United States District Court, M.D. Florida, Tampa Division
Jun 25, 2009
Case No.: 8:08-cv-382-T-33MAP (M.D. Fla. Jun. 25, 2009)

Opinion

Case No.: 8:08-cv-382-T-33MAP.

June 25, 2009


ORDER


THIS CAUSE is before the Court on Plaintiff's Motion for Entry of Final Judgment After Default (the "Default Motion," Doc. 43). Through counsel, Plaintiff claims that it is entitled to $453,734.96 from Defendant, the Hiatt Group, LLC (the "Hiatt Group"). For the reasons that follow, the Default Motion (Doc. 43) will be granted.

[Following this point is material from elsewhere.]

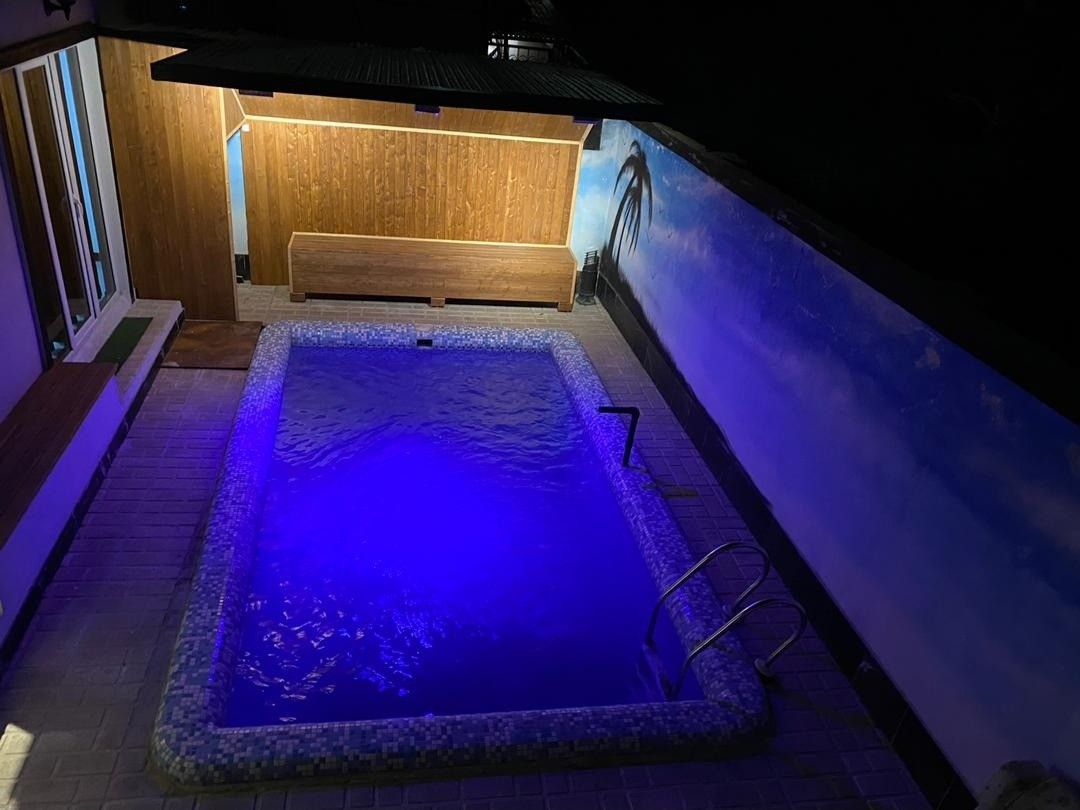 استخر استخر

I. Factual and Procedural Background

Plaintiff, Valpak Direct Marketing Systems, Inc., a franchiser of direct-mail advertising businesses, is suing its franchisee, the Hiatt Group and its owners, John and Gail Hiatt (collectively, the "Defendants"), for breaching the parties' franchise agreement. Specifically, Plaintiff asserts Defendants failed to pay for mailings and other products and services furnished under the franchise agreement and to make payment under two promissory notes. These proceedings are stayed against the individual Defendants, John Hiatt and Gail Hiatt (the "Hiatts"), due to their pending Chapter 7 bankruptcy proceedings (Docs. 32-34).

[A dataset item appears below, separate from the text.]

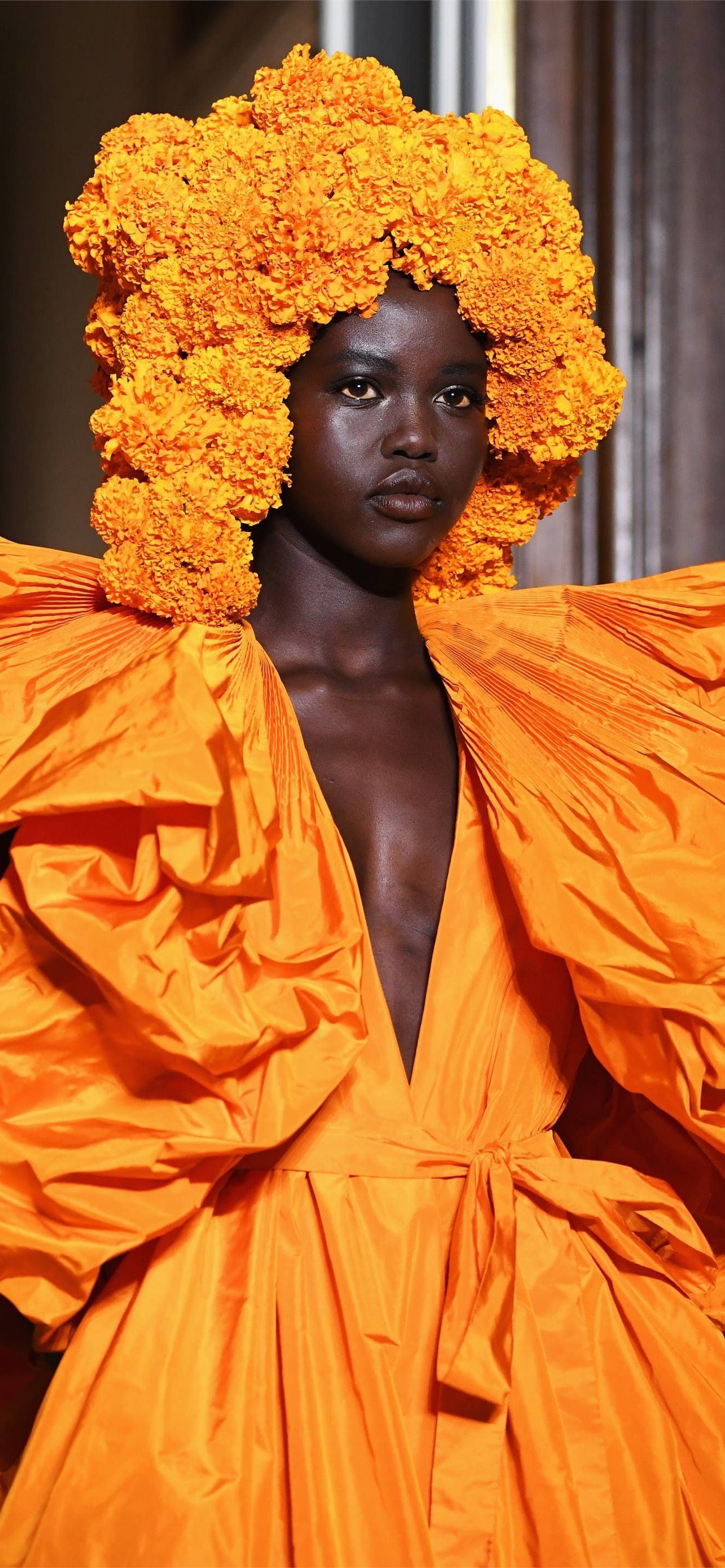 1284x2778 Best Adut akech iPhone HD Wallpaper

On January 1, 2009, Plaintiff filed a Motion for Sanctions (Doc. 30), which was referred to Magistrate Judge Mark Pizzo for disposition. On February 6, 2009, counsel for the Hiatt Group filed a Motion to Withdraw as Counsel for the Hiatt Group (the "Motion to Withdraw," Doc. 36). On February 19, 2009, Magistrate Pizzo granted the Motion to Withdraw (Doc. 39). On March, 19, 2009, Magistrate Pizzo filed a Report and Recommendation (Doc. 40) recommending that the Court grant the Motion for Sanctions due to the Hiatt Group's failure to comply with discovery, appear at mediation or respond to the Court's direct orders. Magistrate Judge Pizzo recommended that the Court strike the Hiatt Group's pleadings and enter default judgment against it. (Doc. 40). On May 1, 2009, the Court adopted Magistrate Pizzo's Report and Recommendation and found the sanctions he recommended to be appropriate (Doc. 40). On May 4, 2009, the Clerk entered default judgment against the Hiatt Group (Doc. 42) and struck its pleadings.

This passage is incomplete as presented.